(Dedicated to Moxy, Dyisi and Gwen, who did a bunch of rebuilding after I took the pictures in previous posts. I love you all anyway)
I know the construction industry. Or at least, I used to know the construction industry, as it was practiced in the 19th century. How could I not? My father was a Master Builder, and I make no apologies for the capital letters, because they are entirely appropriate. Many homes in Chatham and the surrounding area, two schools, Fort Luton and several other buildings are testament to that. Or, perhaps were testament to his skill. Without going and visiting the Chatham of the 21st century, I have no way of telling if those buildings are still standing. Unless, of course, I can look them up on this Internet thing. I shall have to persuade Wren to visit and show me how. I’m sure Gwyn could do so too, but it would be a good excuse to see my daughter again.

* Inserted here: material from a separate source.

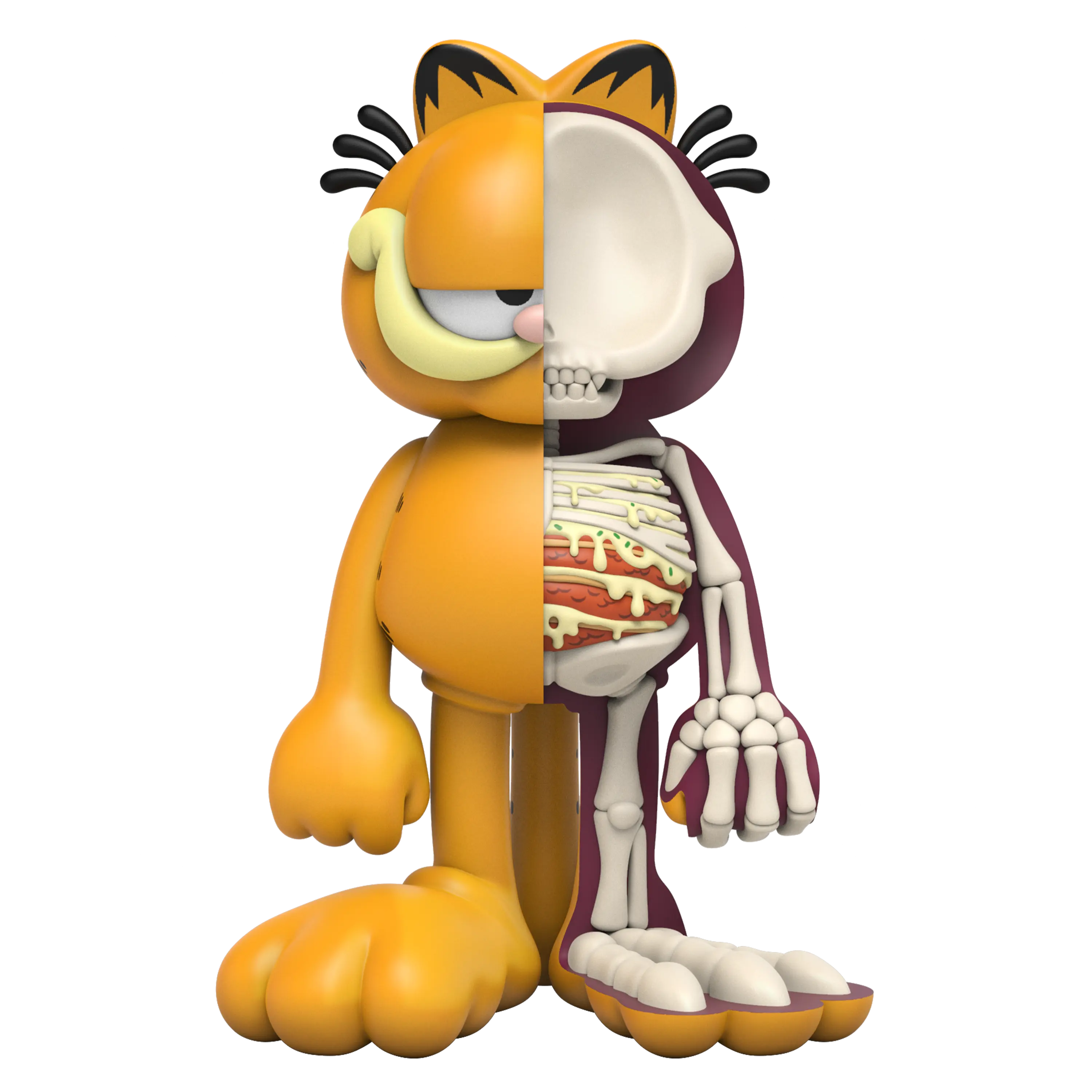XXRAY Plus Garfield XXRAY Plus Garfield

I find myself thinking of Father because I paid another visit to White Owl Island. It has changed since I last visited couple of weeks ago. Whole buildings have gone and been replaced by others. And yet, the buildings look as though they have always been there, and there is no sign, other than the obvious, that any work had taken place. The roads, such as they are, and the gardens seem undisturbed. I should, perhaps, not be surprised. Building technology advances all the time. Even in Father’s lifetime, the use of cast iron and steel revolutionised architecture, especially in commercial buildings. It would make sense, therefore, that there have been similar advances in the 125 odd years since I left that world. Maybe modern builders roll up with a couple of steamer trunks on the back of the cart and unpack a whole house from them. Gwyn showed me her eye-pad once, a shiny thing no bigger than a slim book, and told me that the libraries of the world could be found in it. With that level of miniaturisation, maybe the same is possible with buildings. It’s a satisfying idea, but, I suspect, unlikely. So far as I could tell, these buildings seemed to be of traditional construction, in wood and brick and stone. I occurs to me that the same could be said of the entire village of Mysthaven and that did appear from nowhere, out of the mists. Is it possible that another such thing occurred? It seems unlikely, but who knows?

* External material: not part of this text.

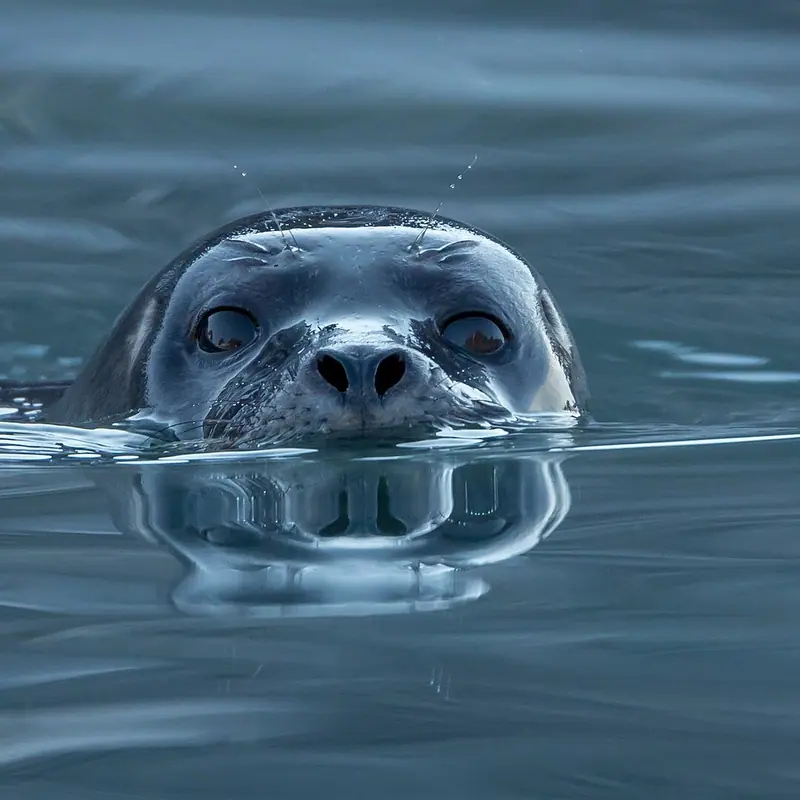 Harbor Seal portrait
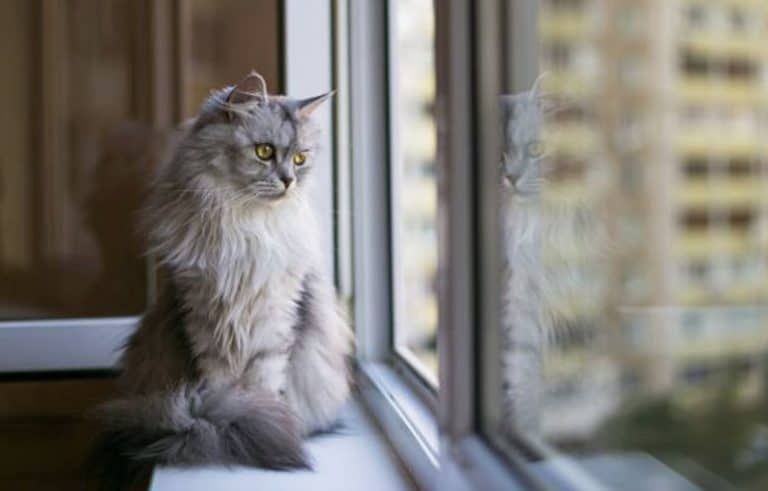 chat triste fenêtre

There is another possible explanation. It is entirely possible I miscalculated and much more time has passed on the island than I experienced in Mysthaven. This is always a risk living so close to faerie. I am not convinced though. It still looked to be springtime and the shrubs and trees looked much the same as last time. Maybe there is no explanation. Maybe all of this fantastic life has all been an extended hallucination, a fever dream from an exotic malady caught on my travels and at any moment, I could wake up and find Mother mopping my brow. That would be a cruel twist indeed, if all my adventures, the friends I have had, and my loves, were naught but the product of an overheated brain. My only consolation would be if I could recall enough to write a book. Perhaps I should anyway. Wren told me once that books about vampires and such like were popular. Nobody will know it was real. Or was it?